81      Il y a lieu de relever ensuite que, si le préjudice causé par la publication sur l’internet d’informations prétendument confidentielles n’est pas comparable, en principe, notamment en ce qui concerne sa nature et son mode prévisible de survenance, au préjudice lié à la divulgation de telles informations à un tiers, notamment à leur utilisation à des fins commerciales (voir, en ce sens, ordonnance EMA/AbbVie, EU:C:2013:794, point 50), il ne saurait être exclu, par définition et d’un point de vue conceptuel, que le préjudice résultant d’une telle divulgation à un tiers soit, quant à lui, qualifié de grave et d’irréparable.

82      En tout état de cause, la question de savoir dans quelle mesure la divulgation d’informations prétendument confidentielles cause un préjudice de cette nature dépend d’une combinaison de circonstances, telles que, notamment, l’importance sur les plans professionnel et commercial des informations pour l’entreprise qui réclame leur protection et l’utilité de celles-ci pour d’autres entreprises présentes sur le marché qui sont susceptibles d’en prendre connaissance et de les utiliser par la suite [voir, en ce sens, ordonnances Commission/Pilkington Group, EU:C:2013:558, point 42, et EMA/AbbVie, EU:C:2013:794, point 42].

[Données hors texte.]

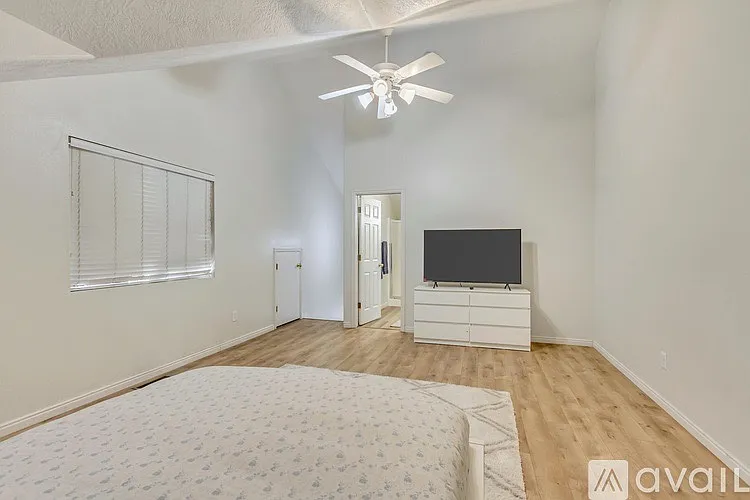 475 N Redwood Rd #80 — Photo 7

83      En ce qui concerne plus particulièrement le préjudice invoqué par la requérante, il a été jugé qu’un préjudice financier objectivement considérable ou même non négligeable pouvait être considéré comme « grave », sans qu’il soit nécessaire de le rapporter systématiquement au chiffre d’affaires de l’entreprise qui craint de le subir [voir, en ce sens, ordonnance du 7 mars 2013, EDF/Commission, C-551/12 P(R), Rec, EU:C:2013:157, points 32 et 33 ; voir également, par analogie, ordonnance du 8 avril 2014, Commission/ANKO, C-78/14 P-R, Rec, EU:C:2014:239, point 34].

84      Eu égard à la jurisprudence citée aux points 82 et 83 ci-dessus, force est de constater que la requérante a établi, à suffisance de droit, la gravité du préjudice financier qu’elle risque d’encourir en cas de divulgation des informations litigieuses.

85      En effet, les informations litigieuses, de nature chimique - dont la valeur patrimoniale a été chiffrée par la requérante à 200 000 euros en termes de limite inférieure, sans que l’ECHA ait contesté ce chiffre -, touchent à l’activité productrice et commerciale de la requérante et sont objectivement susceptibles d’être utilisées sur le plan de la concurrence. Elles peuvent également être pertinentes pour le développement et la planification futurs de la requérante en ce qui concerne la mise sur les marchés les plus divers de la substance chimique en cause. Il s’ensuit que les informations litigieuses, dont le caractère confidentiel doit être présumé pour les besoins de la présente procédure de référé (voir point 80 ci-dessus), constituent un bien immatériel susceptible d’être utilisé à des fins compétitives, dont la valeur serait sérieusement réduite, voire anéantie, si elles perdaient leur caractère secret.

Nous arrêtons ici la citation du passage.